• EXERCISE GOAL: Exactly as they appear, print the line with "Iraqi Project gets" and each line after it through the end of the entries below; leave out pictures.

• ENTRIES SHOWN:
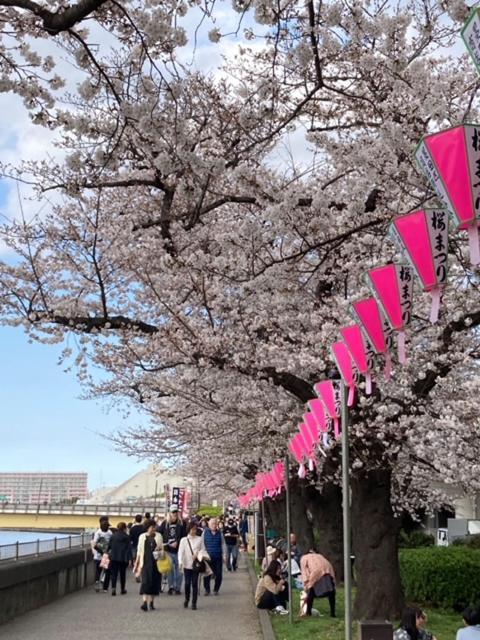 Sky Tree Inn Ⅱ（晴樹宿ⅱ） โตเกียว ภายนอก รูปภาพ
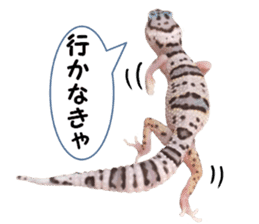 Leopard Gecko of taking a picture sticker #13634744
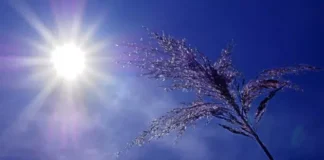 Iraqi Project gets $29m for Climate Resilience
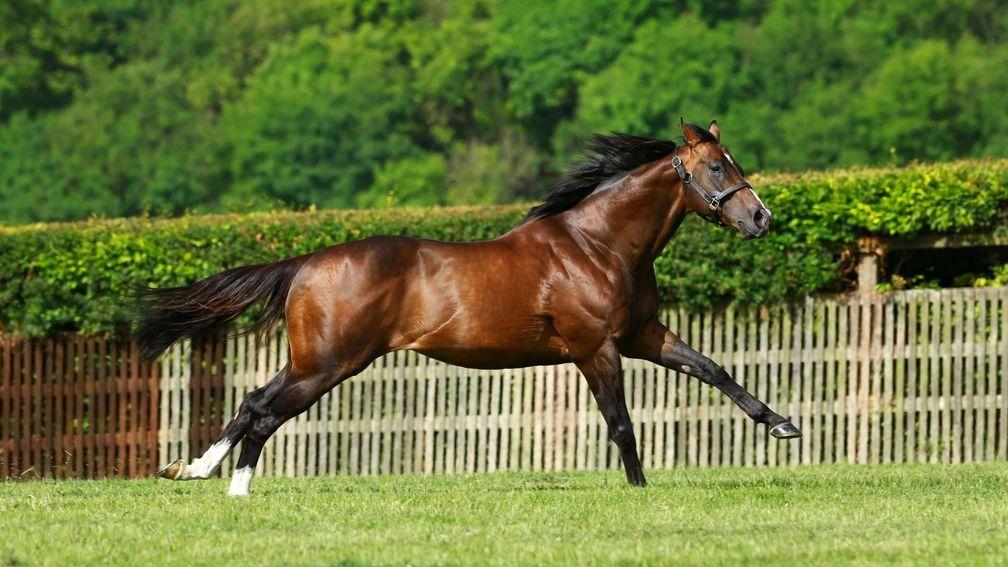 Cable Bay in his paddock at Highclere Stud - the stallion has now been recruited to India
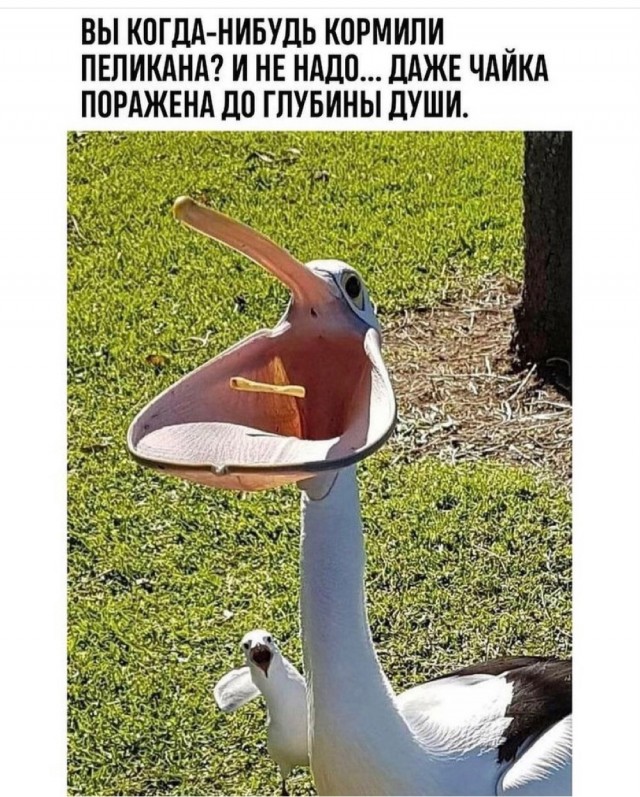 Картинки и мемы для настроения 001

• OUTPUT OF THE EXERCISE:
 Iraqi Project gets $29m for Climate Resilience
 Cable Bay in his paddock at Highclere Stud - the stallion has now been recruited to India
 Картинки и мемы для настроения 001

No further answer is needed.